The shifting of goalposts that has occurred in the handling of the request by a former official at the anti-money laundering agency to be granted whistleblower status was nothing more than an abusive and illegal delay, according a judicial protest filed on Friday.
Jonathan Ferris called upon the Prime Minister, the Justice Minister, the Attorney General and Philip Massa (head of the External Whistleblower Unit at the Office of the Prime Minister) to note the “interminable saga” to grant him whistleblower status despite reassurances given to MEPs that he would be given protection, according to the judicial protest.
Without the requested protection, Ferris could face a five-year jail-term and a €100,000 fine for blowing the whistle on any corruption he may have witnessed during his time at the Financial Intelligence Analysis Unit.
This was the second judicial protest filed by Ferris, in which he said nothing had changed since his first request for whistleblower status in November.
Ferris had been fired from the FIAU after he started to look into reports by assassinated journalist Daphne Caruana Galizia on allegations that the Panama company Egrant was owned by Prime Minister Joseph Muscat’s wife, according to the judicial protest.
The former FIAU official had his request for legal protection redirected by the Justice Ministry to the external whistleblower unit at the Office of the Prime Minister. He was asked to make an external disclosure in writing before being granted his request.
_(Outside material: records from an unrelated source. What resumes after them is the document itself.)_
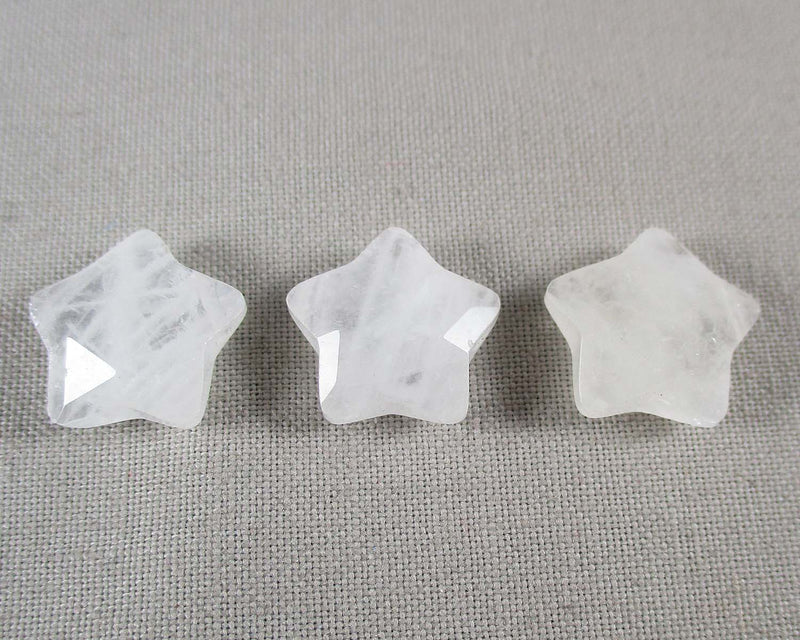 Faceted Quartz Star Bead (Drilled) 14mm 2pc (C313)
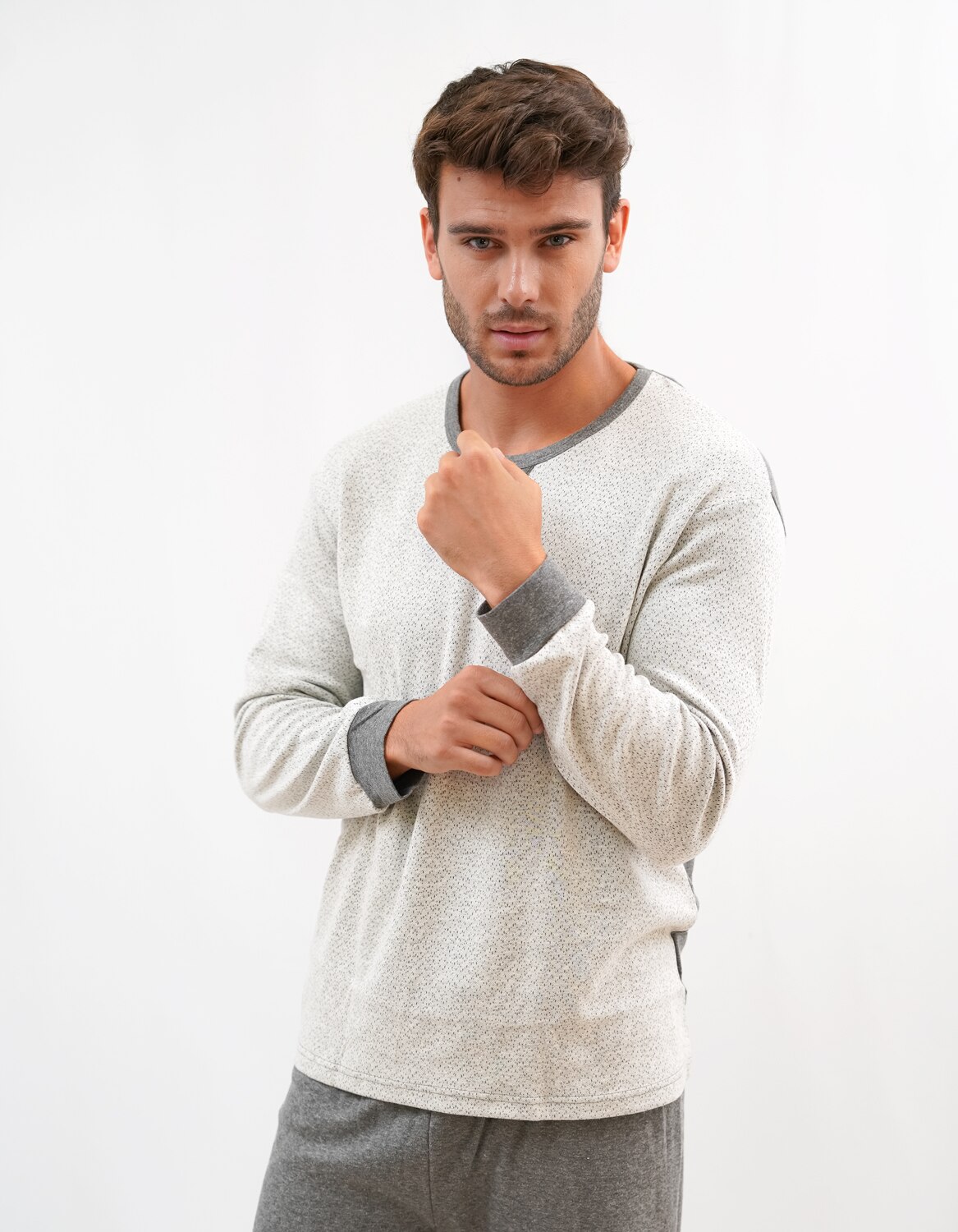Babelo Homewear - Pijama de hombre – Conjunto de pijama de hombre de algodón ✨ - Pijama de hombre de invierno largo tonos grises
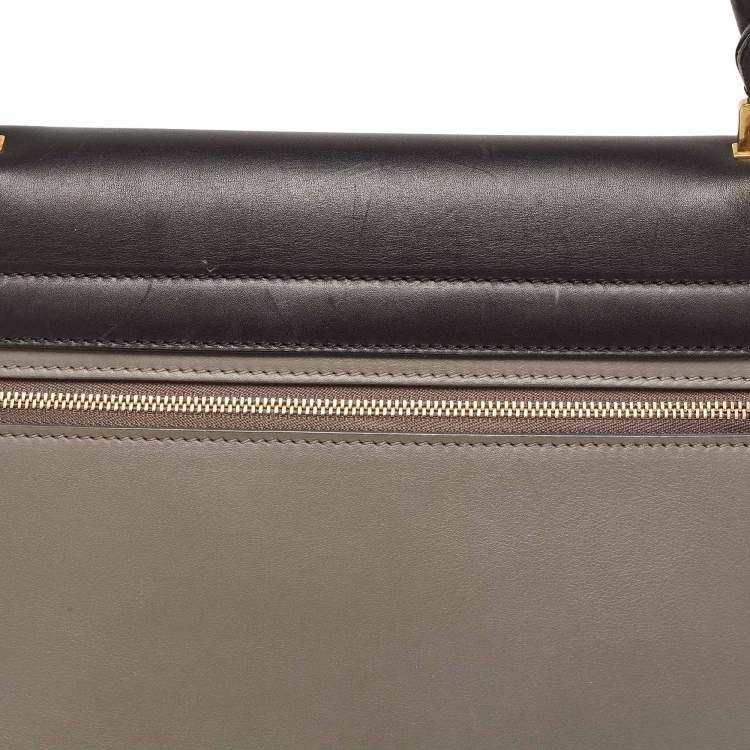 Pre Owned Celine Tri Color Leather and Suede Medium Trapeze Bag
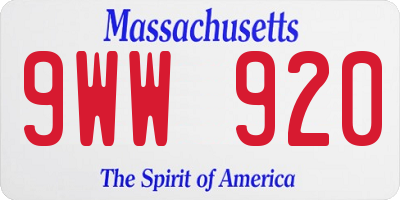 MA license plate 9WW920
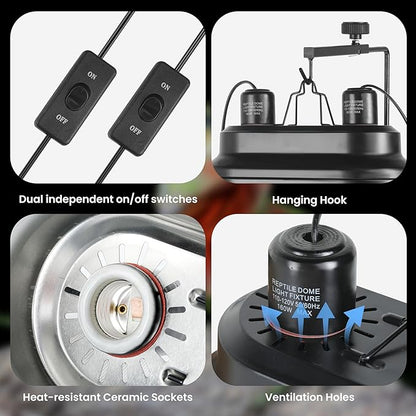 Simple Deluxe Dual Dome Reptile Light Fixture with Separate Switches, Fits Max 160W Reptile Heat Lamp/UVB Light, for Amphibians Terrarium and Tortoise Habitat SimpleDeluxe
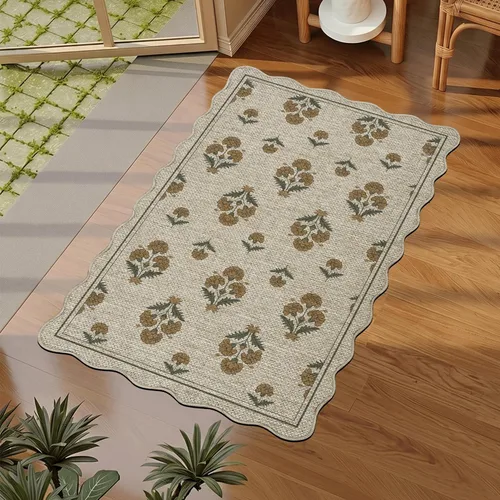 Vista 45 de ORTIGIA Alfombra festoneada de yute fácil de 3 x 5 pulgadas, color negro
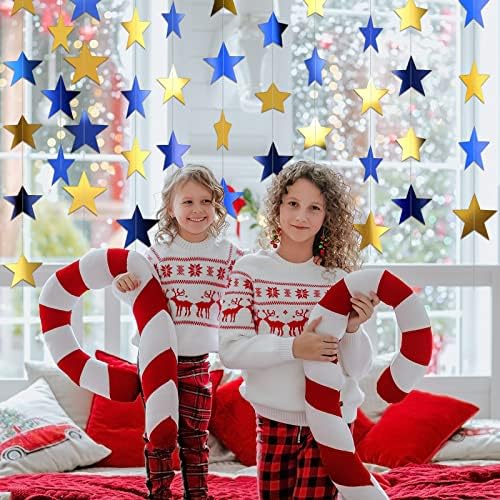 Patelai 130 ft Star Garland Banner Decor,Blue, Gold - Image 5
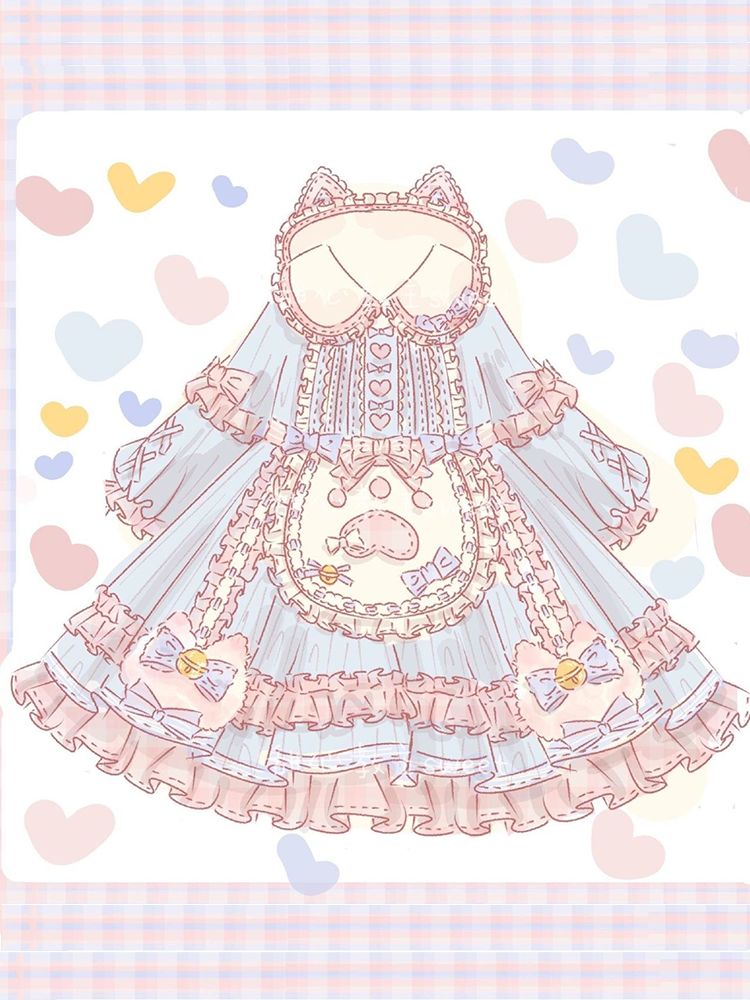 OP♥ Ready to Ship♥Kitty Cat Dessert Station ♥ Sweet Lolita Dress OP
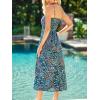 imageCUPSHE Womens Maxi Dress Ditsy Floral Smocked Summer Sundress Sleeveless Ruffled Spaghetti Straps Long Beach Formal DressNavy Ditsy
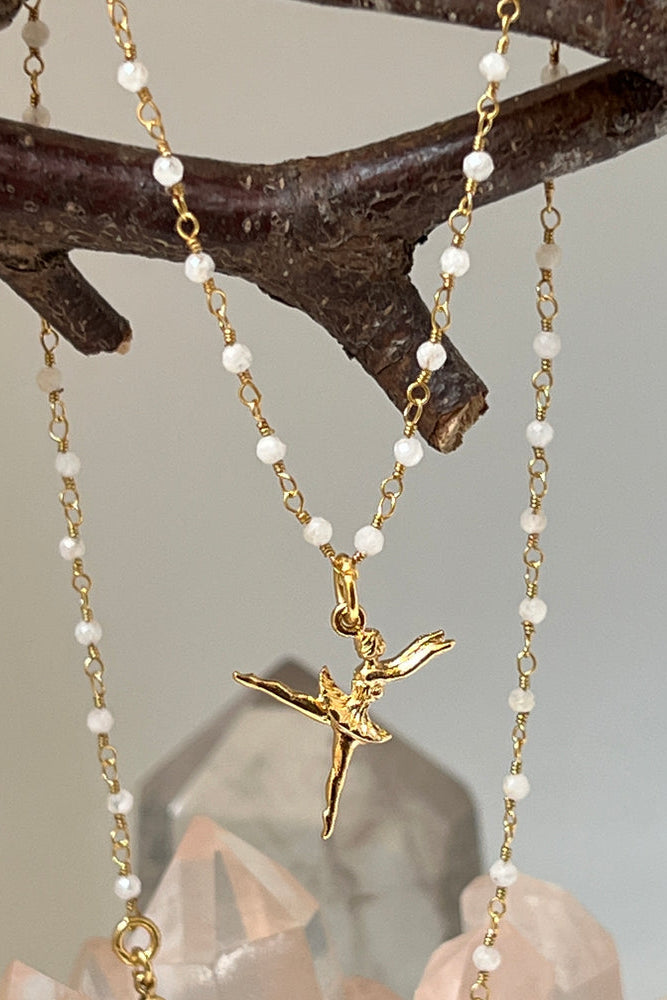 Tiny Ballerina Charm on Moonstone Rosary Necklace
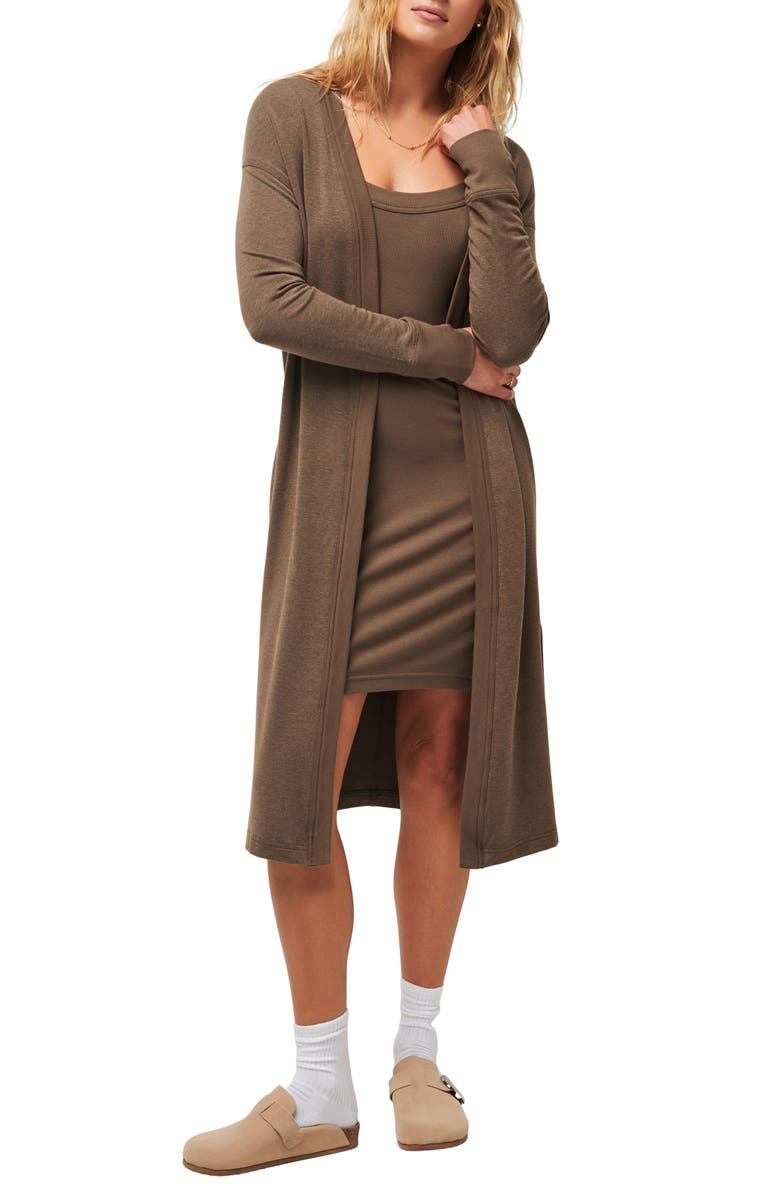 TravisMathew Resort Use Long Cardigan, Main, color, Heather Cocoa Brown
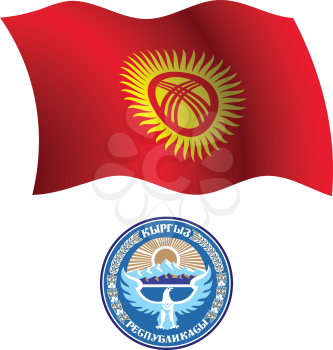 kyrgyzstan wavy flag and coat of arm against white background, vector art illustration, image contains transparency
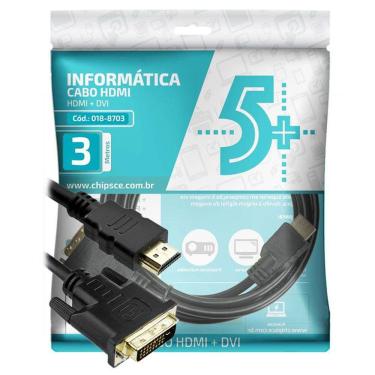 Imagem de Cabo Conversor DVI-D para HDMI - 3 metros - Dual Link - 24+1 Pinos (DVI-D M X HDMI M)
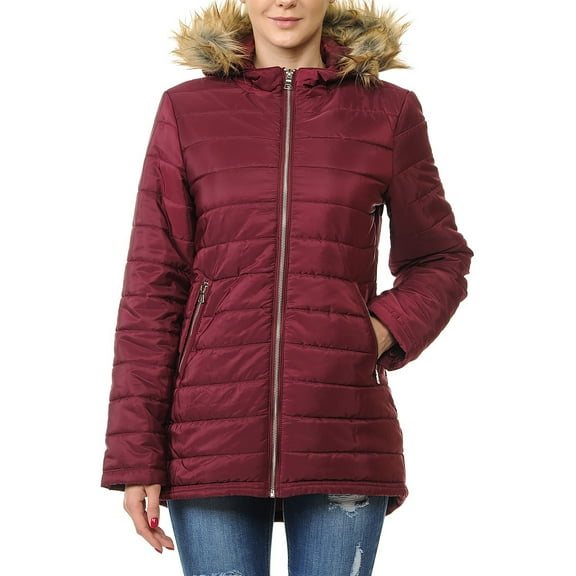 Ma Croix Women's Lightweight Puffer Jacket with Detachable Fur Hood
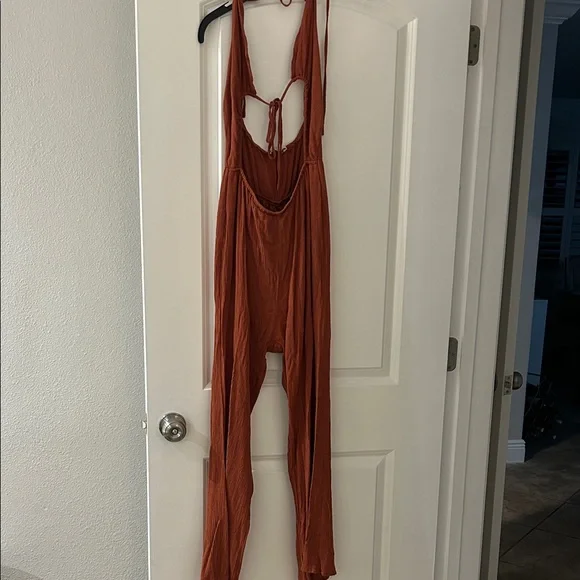 12th Tribe Rust Halter Jumpsuit - Picture 3 of 6
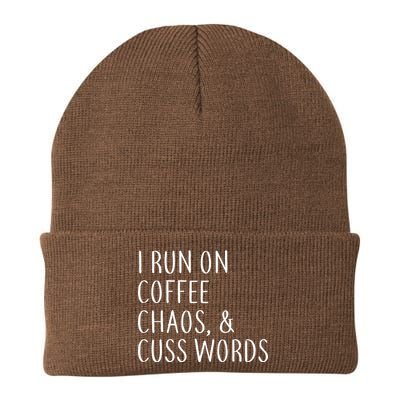 I Run On Coffee Chaos, & Cuss Words Knit Cap Winter Beanie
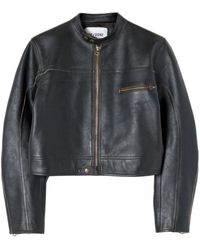 RE/DONE - Racer Zip-up Leather Jacket - Lyst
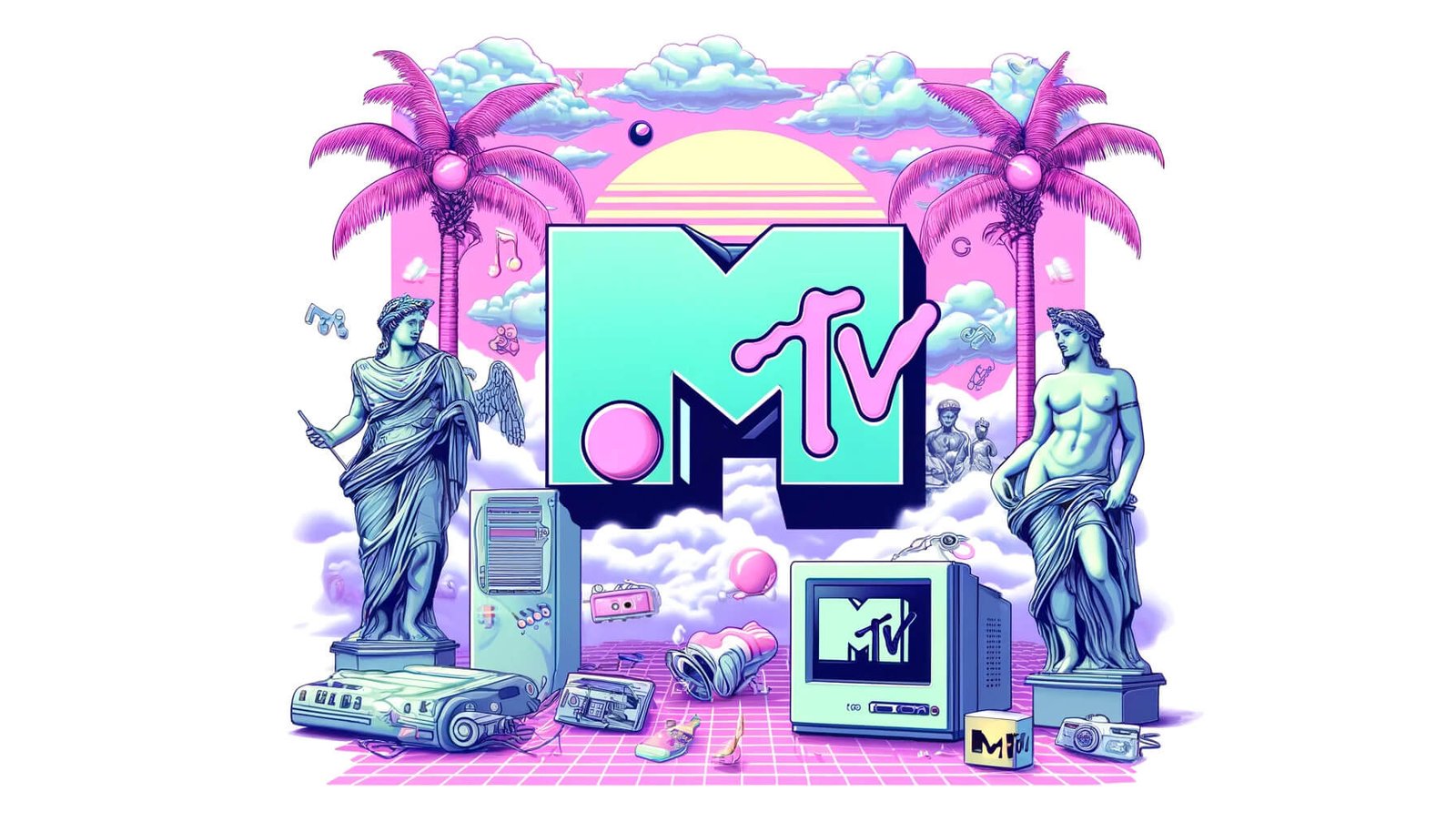 Iconic symbols from MTV (such as the MTV logo, music notes, and video cameras) integrated into a classic Vaporwave scene with Roman statues, old computer icons, and digital palm trees. illustration style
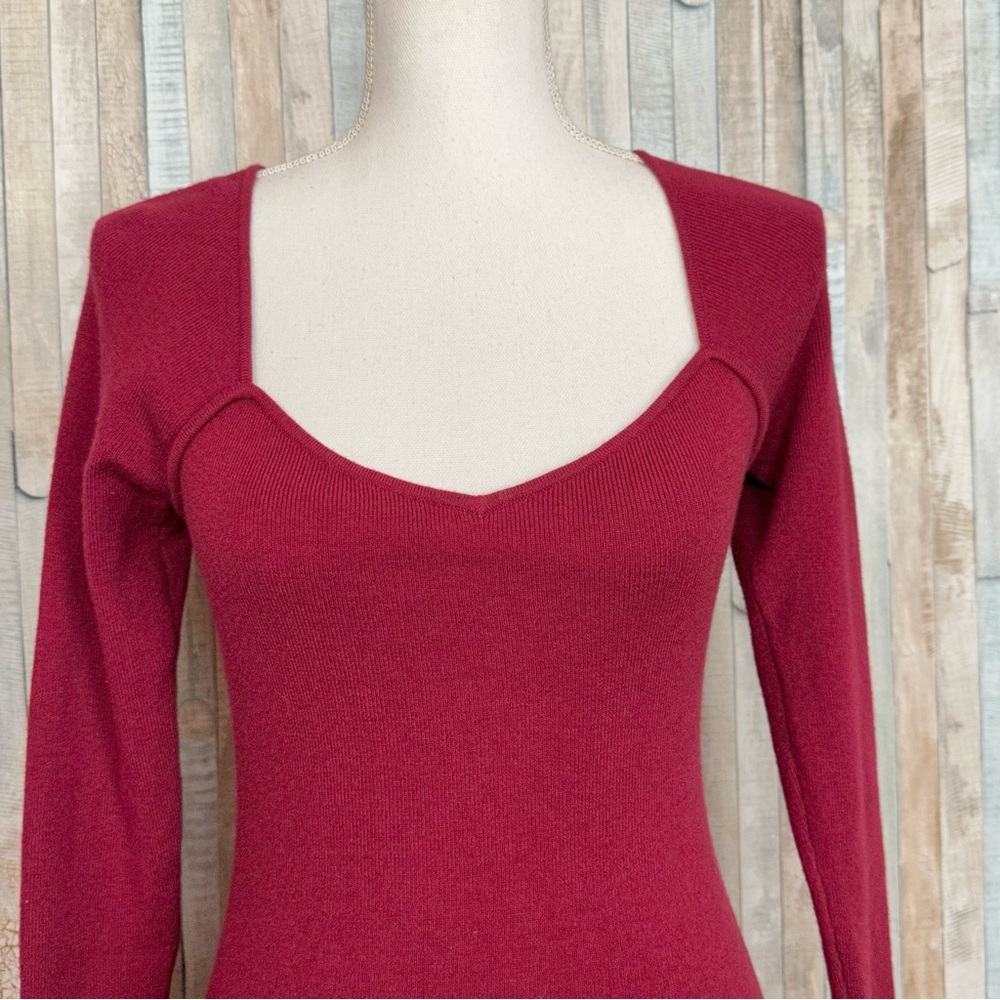 Rachel Parcell XXS Red Sweetheart Neck A Line Midi Sweater Dress Knit $218 - Picture 4 of 10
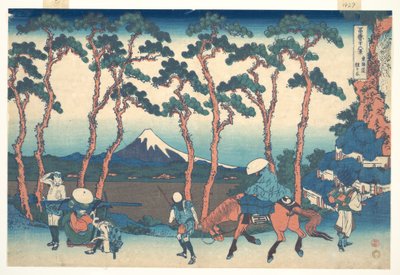 Hodogaya na szlaku Tōkaidō (Tōkaidō Hodogaya), z cyklu „Trzydzieści sześć widoków góry Fuji” (Fugaku sanjūrokkei) autorstwa Katsushika Hokusai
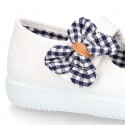 Cotton canvas girl Mary Jane shoes with hook and loop strap closure with FLOWER design.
After complying, Ferris was then told that such an external disclosure had to be preceded by an internal disclosure to the FIAU, the unit from which he had been fired shortly after finalising a report calling for criminal action against Tourism Minister Konrad Mizzi.
In the judicial protest, Ferris said he was being taken for a ride with different entities passing the buck, showing his situation was a far cry from the “rosy speeches recently uttered by the Prime Minister as well as the Justice Minister”. The introduction of the Whistleblower Act was repeatedly raised by government members in response to criticism on the lack of freedom of expression and the rule of law in Malta.
When addressing the European Parliament during the debate on the Rule of Law, Justice Minister Owen Bonnici reassured MEPs there would be “no dragging of feet” for Ferris to be granted whistleblower protection.